▶ EXERCISE OBJECTIVE
Of the material below, only the lines from the line containing "As someone so" down to the line containing "This idea that" belong in the answer, written out exactly.

━━━━━ RECORDED DATA ━━━━━

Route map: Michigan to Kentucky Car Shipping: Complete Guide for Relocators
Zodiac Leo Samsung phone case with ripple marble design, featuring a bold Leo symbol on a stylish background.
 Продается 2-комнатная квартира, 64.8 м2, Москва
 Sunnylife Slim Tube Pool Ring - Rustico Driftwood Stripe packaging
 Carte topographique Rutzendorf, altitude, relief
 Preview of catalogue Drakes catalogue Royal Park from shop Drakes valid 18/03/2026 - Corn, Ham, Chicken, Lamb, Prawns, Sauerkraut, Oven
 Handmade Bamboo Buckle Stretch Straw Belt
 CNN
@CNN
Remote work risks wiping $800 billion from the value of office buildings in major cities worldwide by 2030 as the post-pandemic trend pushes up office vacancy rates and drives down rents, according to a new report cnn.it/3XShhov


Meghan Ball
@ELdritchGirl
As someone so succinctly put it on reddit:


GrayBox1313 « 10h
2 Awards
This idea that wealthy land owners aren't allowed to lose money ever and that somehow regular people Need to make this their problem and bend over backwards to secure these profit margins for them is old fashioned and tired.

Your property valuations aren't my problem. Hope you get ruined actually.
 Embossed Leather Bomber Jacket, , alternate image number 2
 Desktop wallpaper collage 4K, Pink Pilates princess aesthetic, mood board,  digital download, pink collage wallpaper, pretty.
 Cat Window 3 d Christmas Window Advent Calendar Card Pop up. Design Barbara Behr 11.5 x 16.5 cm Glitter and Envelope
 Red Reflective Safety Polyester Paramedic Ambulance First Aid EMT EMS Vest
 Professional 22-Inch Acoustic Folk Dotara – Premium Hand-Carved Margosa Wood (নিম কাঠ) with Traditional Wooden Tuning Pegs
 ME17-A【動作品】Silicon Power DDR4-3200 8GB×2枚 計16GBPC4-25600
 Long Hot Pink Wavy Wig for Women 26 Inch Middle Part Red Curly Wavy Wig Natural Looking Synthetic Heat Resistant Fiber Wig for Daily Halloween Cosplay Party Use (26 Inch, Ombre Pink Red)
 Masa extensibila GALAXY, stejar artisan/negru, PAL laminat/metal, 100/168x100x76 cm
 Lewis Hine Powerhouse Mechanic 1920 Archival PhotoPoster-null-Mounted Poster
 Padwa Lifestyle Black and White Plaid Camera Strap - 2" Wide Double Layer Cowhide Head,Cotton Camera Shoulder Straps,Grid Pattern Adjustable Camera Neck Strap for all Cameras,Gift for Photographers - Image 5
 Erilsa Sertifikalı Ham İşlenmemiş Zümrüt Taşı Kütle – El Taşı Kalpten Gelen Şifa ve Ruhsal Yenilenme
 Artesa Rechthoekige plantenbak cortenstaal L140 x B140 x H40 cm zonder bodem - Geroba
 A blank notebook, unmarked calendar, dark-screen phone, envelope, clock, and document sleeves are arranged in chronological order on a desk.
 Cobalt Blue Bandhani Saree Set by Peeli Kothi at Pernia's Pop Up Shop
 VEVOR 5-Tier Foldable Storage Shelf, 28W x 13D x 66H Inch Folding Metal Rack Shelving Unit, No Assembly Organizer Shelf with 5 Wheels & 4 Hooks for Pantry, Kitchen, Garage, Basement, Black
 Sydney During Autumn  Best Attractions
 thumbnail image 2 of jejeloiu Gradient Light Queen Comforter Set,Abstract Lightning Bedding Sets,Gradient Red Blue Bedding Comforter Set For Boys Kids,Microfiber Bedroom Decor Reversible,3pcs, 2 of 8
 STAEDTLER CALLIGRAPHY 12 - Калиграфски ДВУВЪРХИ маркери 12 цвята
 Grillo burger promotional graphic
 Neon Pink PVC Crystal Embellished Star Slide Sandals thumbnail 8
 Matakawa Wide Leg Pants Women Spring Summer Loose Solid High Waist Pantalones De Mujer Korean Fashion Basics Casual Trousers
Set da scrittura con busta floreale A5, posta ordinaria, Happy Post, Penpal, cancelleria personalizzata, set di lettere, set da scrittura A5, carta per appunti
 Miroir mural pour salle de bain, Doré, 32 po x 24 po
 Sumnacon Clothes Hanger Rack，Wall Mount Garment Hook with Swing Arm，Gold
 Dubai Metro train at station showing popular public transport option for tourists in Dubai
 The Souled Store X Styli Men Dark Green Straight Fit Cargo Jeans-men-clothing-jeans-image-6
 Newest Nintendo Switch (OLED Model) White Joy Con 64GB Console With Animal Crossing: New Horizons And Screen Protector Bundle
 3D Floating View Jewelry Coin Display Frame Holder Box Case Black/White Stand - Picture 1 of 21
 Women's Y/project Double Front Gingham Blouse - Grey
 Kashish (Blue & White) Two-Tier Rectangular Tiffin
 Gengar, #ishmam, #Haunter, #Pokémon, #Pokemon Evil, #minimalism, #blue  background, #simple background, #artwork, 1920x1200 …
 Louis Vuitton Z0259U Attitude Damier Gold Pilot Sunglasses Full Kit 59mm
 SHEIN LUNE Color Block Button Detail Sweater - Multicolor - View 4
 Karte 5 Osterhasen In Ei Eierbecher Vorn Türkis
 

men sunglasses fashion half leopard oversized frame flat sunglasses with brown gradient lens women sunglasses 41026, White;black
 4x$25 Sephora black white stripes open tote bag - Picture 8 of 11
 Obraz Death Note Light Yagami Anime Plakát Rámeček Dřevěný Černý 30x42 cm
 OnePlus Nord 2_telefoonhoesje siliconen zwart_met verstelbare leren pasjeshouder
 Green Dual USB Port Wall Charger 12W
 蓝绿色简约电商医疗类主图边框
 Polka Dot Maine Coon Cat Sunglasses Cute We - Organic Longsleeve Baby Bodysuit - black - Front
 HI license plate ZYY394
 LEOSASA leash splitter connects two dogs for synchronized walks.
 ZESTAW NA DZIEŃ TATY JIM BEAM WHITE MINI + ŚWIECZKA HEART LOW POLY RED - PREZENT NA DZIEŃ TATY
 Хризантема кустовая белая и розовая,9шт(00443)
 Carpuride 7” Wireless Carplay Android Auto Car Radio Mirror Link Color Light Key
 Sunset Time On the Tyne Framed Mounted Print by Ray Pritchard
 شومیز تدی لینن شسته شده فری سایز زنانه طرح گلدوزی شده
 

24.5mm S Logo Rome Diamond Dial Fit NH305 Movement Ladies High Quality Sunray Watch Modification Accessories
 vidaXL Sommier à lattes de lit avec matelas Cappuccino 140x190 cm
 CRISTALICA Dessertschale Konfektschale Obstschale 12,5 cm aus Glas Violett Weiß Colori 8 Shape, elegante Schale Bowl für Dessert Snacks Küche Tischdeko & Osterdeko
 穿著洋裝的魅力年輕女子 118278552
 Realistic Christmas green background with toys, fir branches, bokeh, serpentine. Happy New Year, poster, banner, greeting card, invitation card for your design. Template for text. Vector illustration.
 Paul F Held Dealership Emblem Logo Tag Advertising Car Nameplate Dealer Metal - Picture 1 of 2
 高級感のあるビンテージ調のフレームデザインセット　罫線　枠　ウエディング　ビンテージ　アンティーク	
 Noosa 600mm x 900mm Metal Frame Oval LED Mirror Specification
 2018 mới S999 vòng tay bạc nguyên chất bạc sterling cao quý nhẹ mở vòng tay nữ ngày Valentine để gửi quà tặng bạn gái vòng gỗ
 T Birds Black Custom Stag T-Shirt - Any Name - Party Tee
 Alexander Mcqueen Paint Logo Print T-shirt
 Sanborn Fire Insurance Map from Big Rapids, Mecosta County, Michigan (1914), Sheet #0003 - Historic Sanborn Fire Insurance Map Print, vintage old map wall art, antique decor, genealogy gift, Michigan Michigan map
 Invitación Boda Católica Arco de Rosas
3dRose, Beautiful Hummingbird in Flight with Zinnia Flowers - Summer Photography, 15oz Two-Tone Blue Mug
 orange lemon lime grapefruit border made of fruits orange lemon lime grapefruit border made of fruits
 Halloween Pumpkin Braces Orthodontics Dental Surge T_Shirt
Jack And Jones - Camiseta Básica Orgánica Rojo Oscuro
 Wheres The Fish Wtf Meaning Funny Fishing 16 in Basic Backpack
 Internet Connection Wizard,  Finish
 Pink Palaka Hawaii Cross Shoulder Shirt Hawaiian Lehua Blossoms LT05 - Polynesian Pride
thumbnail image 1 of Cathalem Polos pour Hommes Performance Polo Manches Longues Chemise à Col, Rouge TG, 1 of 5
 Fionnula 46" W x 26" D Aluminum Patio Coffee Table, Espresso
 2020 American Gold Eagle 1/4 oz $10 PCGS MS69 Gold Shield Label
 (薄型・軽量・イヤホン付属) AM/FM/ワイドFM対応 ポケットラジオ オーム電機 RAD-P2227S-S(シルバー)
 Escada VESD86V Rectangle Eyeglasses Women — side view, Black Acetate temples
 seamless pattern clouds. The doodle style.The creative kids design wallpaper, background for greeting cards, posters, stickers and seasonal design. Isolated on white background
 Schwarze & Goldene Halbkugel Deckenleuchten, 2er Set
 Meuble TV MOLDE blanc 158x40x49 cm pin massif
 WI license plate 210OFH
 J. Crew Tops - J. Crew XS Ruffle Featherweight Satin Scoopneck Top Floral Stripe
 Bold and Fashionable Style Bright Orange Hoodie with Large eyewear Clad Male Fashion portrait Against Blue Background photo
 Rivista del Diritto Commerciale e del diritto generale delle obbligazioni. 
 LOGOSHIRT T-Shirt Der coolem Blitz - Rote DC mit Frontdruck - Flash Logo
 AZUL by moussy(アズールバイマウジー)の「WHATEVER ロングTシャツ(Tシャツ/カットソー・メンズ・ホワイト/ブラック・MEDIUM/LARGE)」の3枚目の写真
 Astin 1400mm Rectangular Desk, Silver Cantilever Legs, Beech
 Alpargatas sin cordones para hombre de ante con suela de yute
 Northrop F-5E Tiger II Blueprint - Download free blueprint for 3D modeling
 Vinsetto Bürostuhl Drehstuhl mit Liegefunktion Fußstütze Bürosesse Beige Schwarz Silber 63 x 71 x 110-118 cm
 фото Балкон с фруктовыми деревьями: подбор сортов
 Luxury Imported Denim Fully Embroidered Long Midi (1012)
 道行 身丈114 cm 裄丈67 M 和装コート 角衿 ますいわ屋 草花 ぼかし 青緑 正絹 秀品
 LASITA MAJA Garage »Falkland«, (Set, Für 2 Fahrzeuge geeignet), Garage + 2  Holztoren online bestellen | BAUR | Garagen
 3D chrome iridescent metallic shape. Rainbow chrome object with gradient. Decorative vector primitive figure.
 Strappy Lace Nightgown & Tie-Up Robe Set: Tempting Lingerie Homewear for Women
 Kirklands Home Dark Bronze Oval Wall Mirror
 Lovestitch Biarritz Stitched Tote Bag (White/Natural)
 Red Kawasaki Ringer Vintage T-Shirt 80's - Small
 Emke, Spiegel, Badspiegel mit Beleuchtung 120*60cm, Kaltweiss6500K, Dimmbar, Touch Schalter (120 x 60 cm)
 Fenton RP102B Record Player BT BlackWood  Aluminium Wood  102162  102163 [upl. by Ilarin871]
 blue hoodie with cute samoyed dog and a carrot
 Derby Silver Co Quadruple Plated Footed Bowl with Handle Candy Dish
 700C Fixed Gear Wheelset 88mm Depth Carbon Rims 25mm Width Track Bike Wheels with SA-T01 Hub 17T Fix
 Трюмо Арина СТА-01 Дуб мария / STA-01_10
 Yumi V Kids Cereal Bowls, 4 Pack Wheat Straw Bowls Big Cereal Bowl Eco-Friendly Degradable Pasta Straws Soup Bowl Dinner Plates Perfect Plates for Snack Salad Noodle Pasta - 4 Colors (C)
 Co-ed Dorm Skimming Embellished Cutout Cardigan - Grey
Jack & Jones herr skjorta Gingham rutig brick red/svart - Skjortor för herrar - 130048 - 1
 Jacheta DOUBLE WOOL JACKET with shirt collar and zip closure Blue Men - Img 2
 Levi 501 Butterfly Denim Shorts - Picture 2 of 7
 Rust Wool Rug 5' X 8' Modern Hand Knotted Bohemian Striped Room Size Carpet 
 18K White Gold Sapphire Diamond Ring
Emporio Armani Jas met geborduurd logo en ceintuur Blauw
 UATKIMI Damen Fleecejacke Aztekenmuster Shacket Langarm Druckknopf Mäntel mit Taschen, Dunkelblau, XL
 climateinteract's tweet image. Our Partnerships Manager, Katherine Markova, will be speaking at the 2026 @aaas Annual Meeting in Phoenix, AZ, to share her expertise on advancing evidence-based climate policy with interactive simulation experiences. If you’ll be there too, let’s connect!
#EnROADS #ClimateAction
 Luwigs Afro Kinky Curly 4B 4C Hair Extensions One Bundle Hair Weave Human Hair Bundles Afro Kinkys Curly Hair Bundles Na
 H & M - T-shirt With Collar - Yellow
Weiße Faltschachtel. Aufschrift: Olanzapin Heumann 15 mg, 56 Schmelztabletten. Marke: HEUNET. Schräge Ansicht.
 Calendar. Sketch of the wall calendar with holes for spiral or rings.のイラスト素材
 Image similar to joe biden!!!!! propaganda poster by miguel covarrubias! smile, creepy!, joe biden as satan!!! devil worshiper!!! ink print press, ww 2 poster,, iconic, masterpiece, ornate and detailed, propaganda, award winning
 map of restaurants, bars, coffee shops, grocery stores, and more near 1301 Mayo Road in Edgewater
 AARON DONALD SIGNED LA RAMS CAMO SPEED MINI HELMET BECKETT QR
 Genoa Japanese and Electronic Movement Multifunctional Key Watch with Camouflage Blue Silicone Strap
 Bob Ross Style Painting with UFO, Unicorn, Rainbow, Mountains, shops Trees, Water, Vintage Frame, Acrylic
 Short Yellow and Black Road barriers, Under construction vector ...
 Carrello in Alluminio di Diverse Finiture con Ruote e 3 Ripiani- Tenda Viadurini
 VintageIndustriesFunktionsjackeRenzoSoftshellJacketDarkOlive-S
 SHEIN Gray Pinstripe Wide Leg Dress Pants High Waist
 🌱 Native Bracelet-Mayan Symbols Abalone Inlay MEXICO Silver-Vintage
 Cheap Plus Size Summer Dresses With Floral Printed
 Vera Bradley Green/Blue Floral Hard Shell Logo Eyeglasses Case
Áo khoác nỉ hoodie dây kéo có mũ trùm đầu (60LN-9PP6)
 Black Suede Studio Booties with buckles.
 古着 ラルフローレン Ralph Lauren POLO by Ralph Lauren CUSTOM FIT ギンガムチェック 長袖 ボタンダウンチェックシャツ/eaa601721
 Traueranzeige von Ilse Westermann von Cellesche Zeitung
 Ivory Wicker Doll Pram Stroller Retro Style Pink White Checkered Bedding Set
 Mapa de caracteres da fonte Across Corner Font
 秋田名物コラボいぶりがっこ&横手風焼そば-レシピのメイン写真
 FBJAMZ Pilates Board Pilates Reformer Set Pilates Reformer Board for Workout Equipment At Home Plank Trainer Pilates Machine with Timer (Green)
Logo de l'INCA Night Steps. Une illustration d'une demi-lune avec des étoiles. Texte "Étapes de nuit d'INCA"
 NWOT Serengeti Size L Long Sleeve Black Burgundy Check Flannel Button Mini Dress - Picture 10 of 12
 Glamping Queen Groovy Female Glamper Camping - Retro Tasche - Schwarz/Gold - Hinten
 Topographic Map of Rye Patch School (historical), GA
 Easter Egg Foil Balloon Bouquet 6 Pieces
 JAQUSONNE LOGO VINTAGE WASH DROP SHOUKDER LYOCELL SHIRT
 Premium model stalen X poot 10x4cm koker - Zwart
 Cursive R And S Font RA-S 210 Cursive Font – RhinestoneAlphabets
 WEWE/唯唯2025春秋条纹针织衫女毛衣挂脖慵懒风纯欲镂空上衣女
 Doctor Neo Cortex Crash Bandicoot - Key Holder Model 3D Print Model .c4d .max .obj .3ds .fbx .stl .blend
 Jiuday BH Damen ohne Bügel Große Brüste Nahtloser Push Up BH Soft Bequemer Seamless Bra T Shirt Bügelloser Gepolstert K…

━━━━━

▶ RESPONSE TO THE EXERCISE
As someone so succinctly put it on reddit:


GrayBox1313 « 10h
2 Awards
This idea that wealthy land owners aren't allowed to lose money ever and that somehow regular people Need to make this their problem and bend over backwards to secure these profit margins for them is old fashioned and tired.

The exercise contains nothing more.